▶ DIRECTIONS: Please restate verbatim the lines that open the listing below, ending with the line in which "For rent of flat in Madrid" occurs.

━━━ EXCERPTED RECORDS

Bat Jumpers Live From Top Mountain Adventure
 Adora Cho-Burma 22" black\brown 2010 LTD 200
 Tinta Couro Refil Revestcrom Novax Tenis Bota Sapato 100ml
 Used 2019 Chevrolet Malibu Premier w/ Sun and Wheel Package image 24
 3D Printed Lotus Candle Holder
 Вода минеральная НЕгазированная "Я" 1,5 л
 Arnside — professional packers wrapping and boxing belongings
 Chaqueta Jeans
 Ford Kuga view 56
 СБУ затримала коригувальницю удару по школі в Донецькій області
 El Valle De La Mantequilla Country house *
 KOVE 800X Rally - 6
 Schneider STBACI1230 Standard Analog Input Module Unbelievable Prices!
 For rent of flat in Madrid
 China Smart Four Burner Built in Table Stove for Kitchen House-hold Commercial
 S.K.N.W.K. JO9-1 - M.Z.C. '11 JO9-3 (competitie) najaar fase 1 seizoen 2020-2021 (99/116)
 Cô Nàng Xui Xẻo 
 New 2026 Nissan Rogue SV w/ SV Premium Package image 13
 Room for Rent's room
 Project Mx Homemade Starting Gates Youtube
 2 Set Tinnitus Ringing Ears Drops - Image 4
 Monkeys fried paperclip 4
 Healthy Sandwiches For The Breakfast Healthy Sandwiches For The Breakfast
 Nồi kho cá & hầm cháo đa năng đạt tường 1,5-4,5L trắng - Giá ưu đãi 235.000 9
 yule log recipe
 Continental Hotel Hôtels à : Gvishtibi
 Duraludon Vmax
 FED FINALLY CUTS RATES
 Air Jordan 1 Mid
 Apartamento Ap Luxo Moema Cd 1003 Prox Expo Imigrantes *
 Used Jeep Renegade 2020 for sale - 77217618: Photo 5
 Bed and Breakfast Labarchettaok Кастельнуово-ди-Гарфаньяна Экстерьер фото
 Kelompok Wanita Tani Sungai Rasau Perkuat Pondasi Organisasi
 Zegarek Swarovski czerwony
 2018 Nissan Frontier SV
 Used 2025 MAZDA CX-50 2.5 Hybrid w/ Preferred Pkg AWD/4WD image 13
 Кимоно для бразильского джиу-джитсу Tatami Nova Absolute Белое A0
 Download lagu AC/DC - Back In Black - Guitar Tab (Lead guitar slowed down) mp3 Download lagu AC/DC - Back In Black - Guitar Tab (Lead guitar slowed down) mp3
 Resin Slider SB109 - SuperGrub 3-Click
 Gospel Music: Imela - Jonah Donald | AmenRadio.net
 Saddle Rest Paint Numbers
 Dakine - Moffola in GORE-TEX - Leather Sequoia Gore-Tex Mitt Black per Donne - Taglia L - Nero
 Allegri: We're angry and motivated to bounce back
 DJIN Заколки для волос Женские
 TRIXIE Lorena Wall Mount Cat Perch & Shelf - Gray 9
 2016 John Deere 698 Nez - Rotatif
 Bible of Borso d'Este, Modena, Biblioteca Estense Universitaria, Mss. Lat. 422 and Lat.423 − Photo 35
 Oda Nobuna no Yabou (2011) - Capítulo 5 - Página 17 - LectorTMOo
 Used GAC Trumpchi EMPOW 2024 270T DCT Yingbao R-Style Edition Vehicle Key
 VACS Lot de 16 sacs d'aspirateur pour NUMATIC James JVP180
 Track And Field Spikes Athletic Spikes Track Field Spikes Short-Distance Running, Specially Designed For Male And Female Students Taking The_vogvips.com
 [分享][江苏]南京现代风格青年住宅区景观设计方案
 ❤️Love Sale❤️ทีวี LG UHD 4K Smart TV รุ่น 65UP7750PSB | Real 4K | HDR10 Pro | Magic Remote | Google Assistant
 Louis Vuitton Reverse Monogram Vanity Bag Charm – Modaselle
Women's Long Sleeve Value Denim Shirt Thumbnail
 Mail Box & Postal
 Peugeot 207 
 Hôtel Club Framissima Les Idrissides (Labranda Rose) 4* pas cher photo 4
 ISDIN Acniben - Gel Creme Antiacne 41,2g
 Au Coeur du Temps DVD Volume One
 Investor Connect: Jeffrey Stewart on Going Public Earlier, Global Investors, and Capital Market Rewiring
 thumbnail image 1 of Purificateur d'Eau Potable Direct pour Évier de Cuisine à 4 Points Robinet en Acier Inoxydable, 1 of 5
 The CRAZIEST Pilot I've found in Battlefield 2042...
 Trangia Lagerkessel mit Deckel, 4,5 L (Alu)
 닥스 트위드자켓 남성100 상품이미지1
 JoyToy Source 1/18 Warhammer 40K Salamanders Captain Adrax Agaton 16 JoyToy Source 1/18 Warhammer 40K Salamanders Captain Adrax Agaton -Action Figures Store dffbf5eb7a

━━━━━━

▶ REPLY:
Bat Jumpers Live From Top Mountain Adventure
 Adora Cho-Burma 22" black\brown 2010 LTD 200
 Tinta Couro Refil Revestcrom Novax Tenis Bota Sapato 100ml
 Used 2019 Chevrolet Malibu Premier w/ Sun and Wheel Package image 24
 3D Printed Lotus Candle Holder
 Вода минеральная НЕгазированная "Я" 1,5 л
 Arnside — professional packers wrapping and boxing belongings
 Chaqueta Jeans
 Ford Kuga view 56
 СБУ затримала коригувальницю удару по школі в Донецькій області
 El Valle De La Mantequilla Country house *
 KOVE 800X Rally - 6
 Schneider STBACI1230 Standard Analog Input Module Unbelievable Prices!
 For rent of flat in Madrid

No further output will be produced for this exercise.